No supe qué decir, sólo buscaba en la agenda del móvil algún oasis, una tierra de nadie, una tierra de todos, una casa para el asilo político de los buenos días, un lugar donde tener justificado el ser un extraño; un extranjero de libro, de cámara de fotos, de diccionario y frases típicas. Mientras tanto tú, te ausentabas en el ritual de las buenas noches, del cepillado de dientes, de los propósitos de enmiendas, de la cama con esas sábanas de pelitos que nos regaló mi madre. No encontraba a nadie con el que tener la confianza para escapar de casa, una persona con la que no tuviese que hablar de los retales de mi cajón de sastre.

No quería que me vieses llorar, que empatizaras con lo que allí perdí. Que me enviases a mayo sin una libreta donde escribirme. Que me tuvieses la pena que se le brinda a los perros callejeros. No quería que me vieses partir, que me olvidase mis tinteros y el gramaje de aquellos papeles donde se contaba mi vida.

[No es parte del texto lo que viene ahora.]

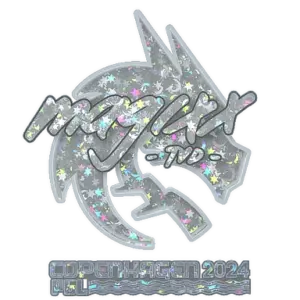 Sticker | magixx (Glitter) | Copenhagen 2024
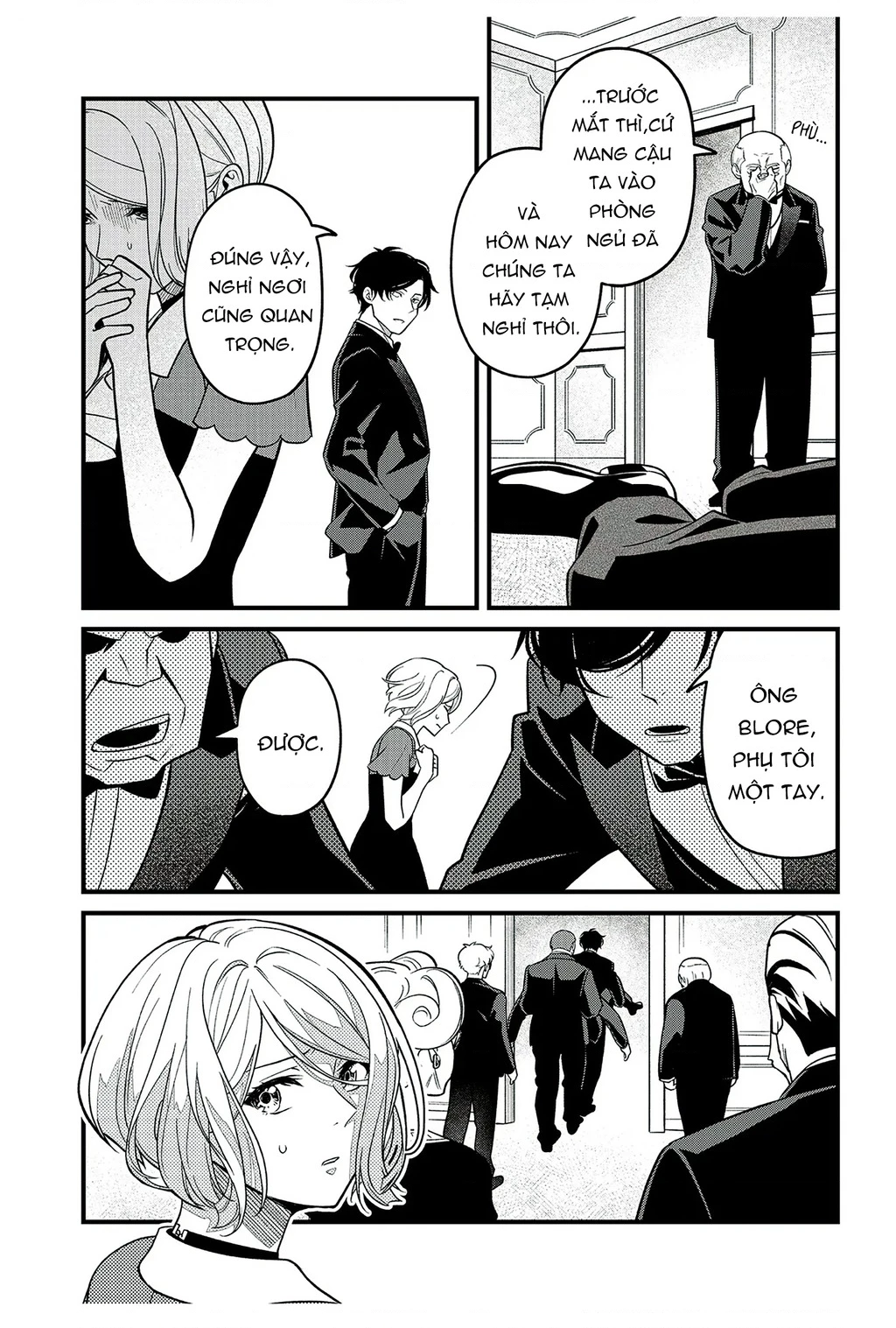 Và Rồi Chẳng Còn Ai Chapter 5 - 20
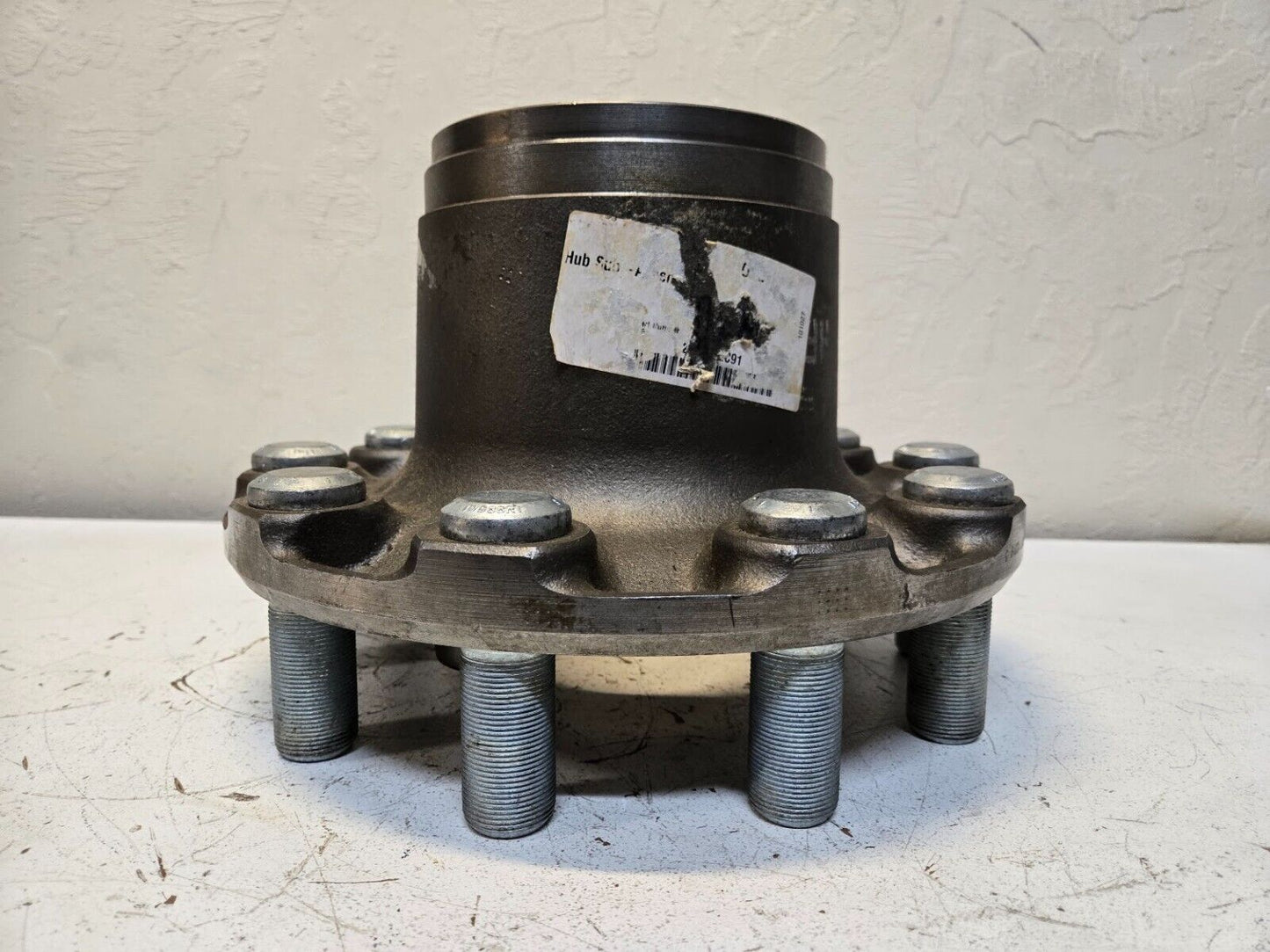 Front Axle Hub H1009 | HF707K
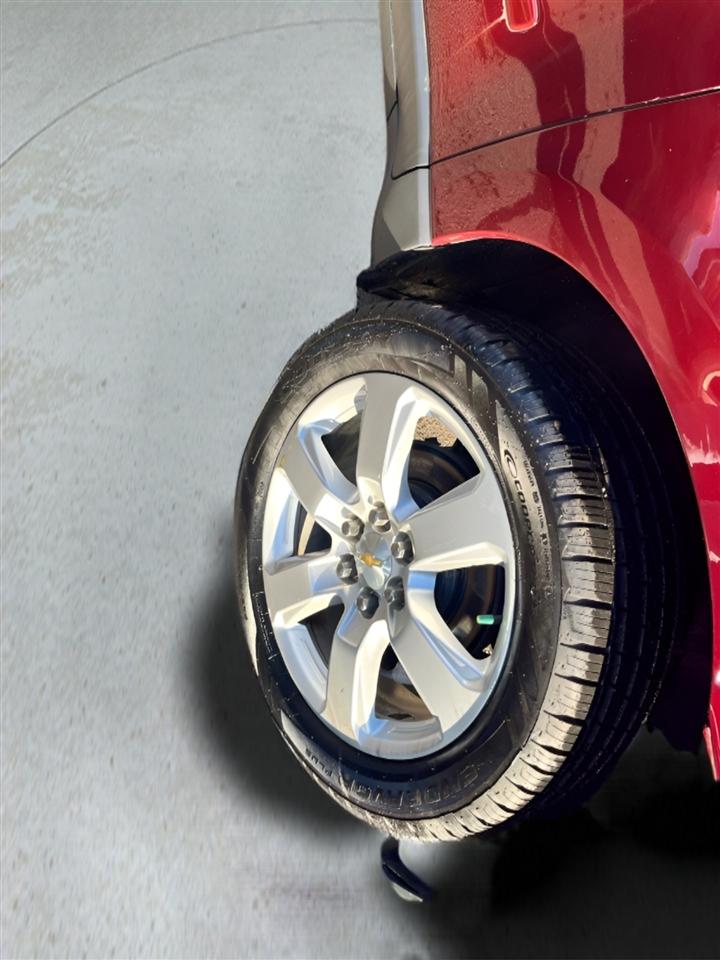 Chevrolet Traverse 4dr LT w/1LT 2016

Tan sólo necesitaba un junio de noches de jazmín, de playas desérticas entre mis costillas y la palmas que habitan mi cielo. Una textura tibia donde perder la razón de los años y no tener un presente colmado de futuro. Quererme en los azares de las decisiones que se meditan tan sólo en el trayecto de un segundo, ese segundo donde mis horas pasan tan lentas. Quería esas crestas de olas abiertas como libros, expectantes, sin caída organizada. Ser el agua que habita en la sal. Crecer bregando las olas, como esas doradas salvajes que huyen del cuchillo y tenedor.

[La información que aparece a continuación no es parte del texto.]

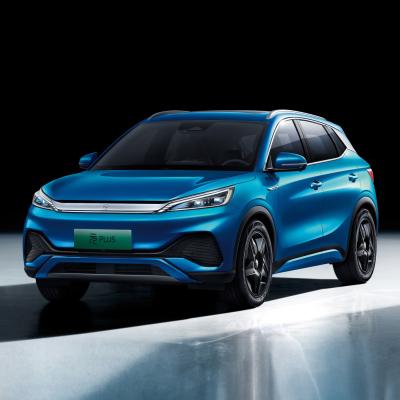 中国 円 PLUS BYD EV Cars エレクトリック・ハッチバック 5人乗りSUV 販売のため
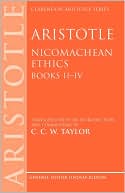 Book Aristotle: Nicomachean Ethics, Books II--IV: Translated with an Introduction and Commentary (Clarendon Aristotle Series) free
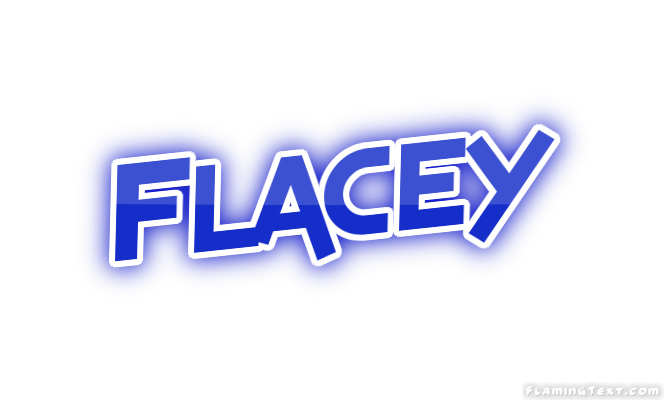Flacey Stadt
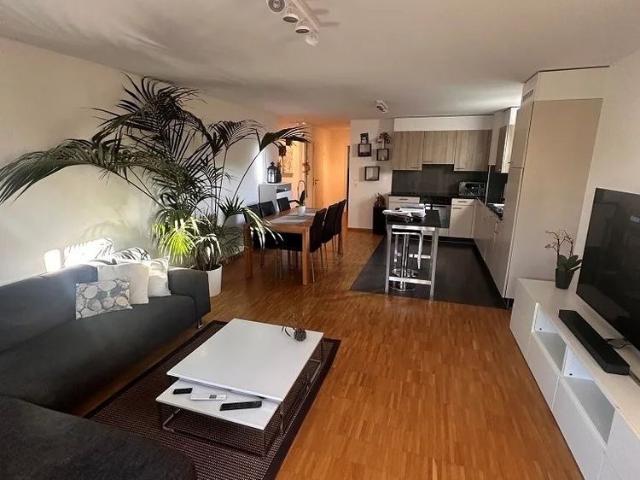 Apartment mieten in En Brit, Yvonand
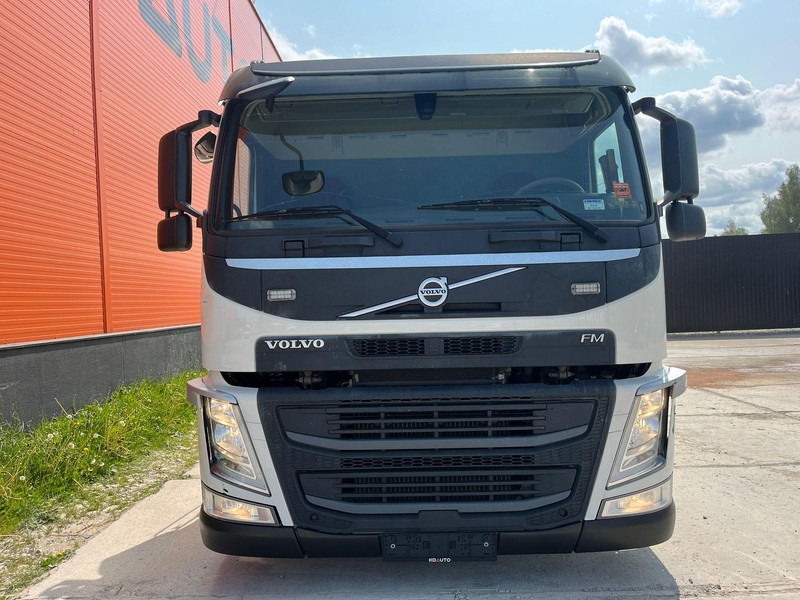 Volvo FM 330 4x2 JOAB TL 8 AO C - Скіповий навантажувач вантажівка: фото 3 Volvo FM 330 4x2 JOAB TL 8 AO C - Скіповий навантажувач вантажівка: фото 3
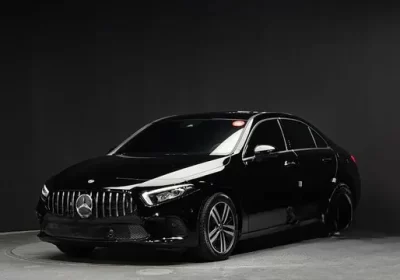 Mercedes-Benz A-Class 2022 A220 Sedan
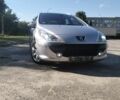 Серый Пежо 307, объемом двигателя 1.6 л и пробегом 295 тыс. км за 4400 $, фото 9 на Automoto.ua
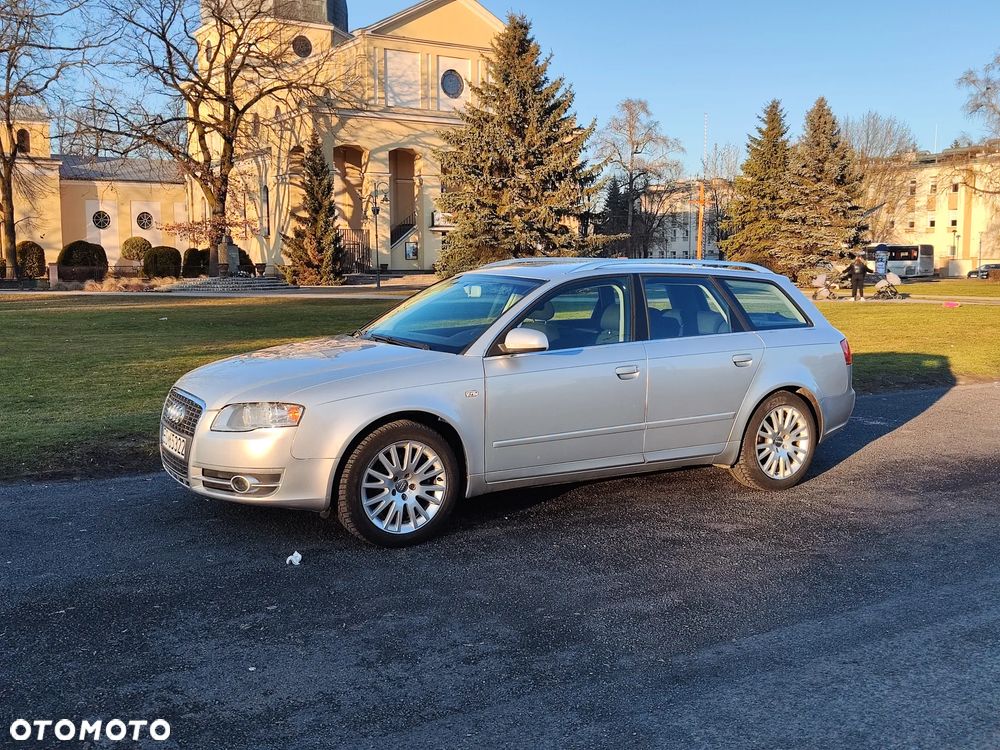 Audi A4 Avant 1.8 T - 1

Recuerdas tu lugar cuando te lo arrebatan.

Tardes de pasillos evitando el contacto de nuestra ropa, buscando paredes que recogieran nuestros ojos. Hacer del trayecto que separaba la cocina del salón una guerra santa donde la absurdez se riera de nosotros. Ser punto y aparte en este dictado de normas y suposiciones. Conjugar la gramática del presente y exponer el pasado como espacio vinculante. Sentir mi día al margen de abogados que no conocen mi historia, nuestra historia. Tener en cuenta números, hacer del álgebra la patrona de las causas perdidas. Justificar las horas perdidas con papeles que documenten la quiebra de los beneficios, gana la banca. Escribir mails interminables por aquello de que ahora, más que nunca, las palabras no se las debe llevar el viento. Justificaciones, hacer de lo natural una interminable interposición de deberes. Vivir en boca de otros, desesperar en artículos y apariencias.

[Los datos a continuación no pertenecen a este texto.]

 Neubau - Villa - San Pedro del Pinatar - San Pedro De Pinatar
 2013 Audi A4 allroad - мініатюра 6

Al final puedes verlo. El desorden, los dolores de cabeza, el aparente odio, mantiene unidas sustancias que no tienen que ver. Es una especie de pegamento que todo lo puede. Aceite y agua coexistiendo en un lugar indeterminado. Personas unidas por pleitos, por aquello de que en ausencia de amor, nos vale la guerra. Miedo a desaparecer, a convertirte en extraño. A cruzarte por una calle y mirar para otro lado. A saber que dejas de ser importante. Motas de polvo suspendidas en ese pasillo sin aire que conectaba la cocina con el salón. Planetas opuestos que no dan los pasos necesarios para ser errantes.

Quebré, deshice todos los puentes que mantenían los pulsos. Aquella mañana me desperté sabiéndome libre. Estrella fugaz en un cielo implacable. Me entregué a mis manos, a todo aquello que me diera el sonido de la voz, de mi voz.

———
 
Capítulo séptimo de «El vuelo de las moscas».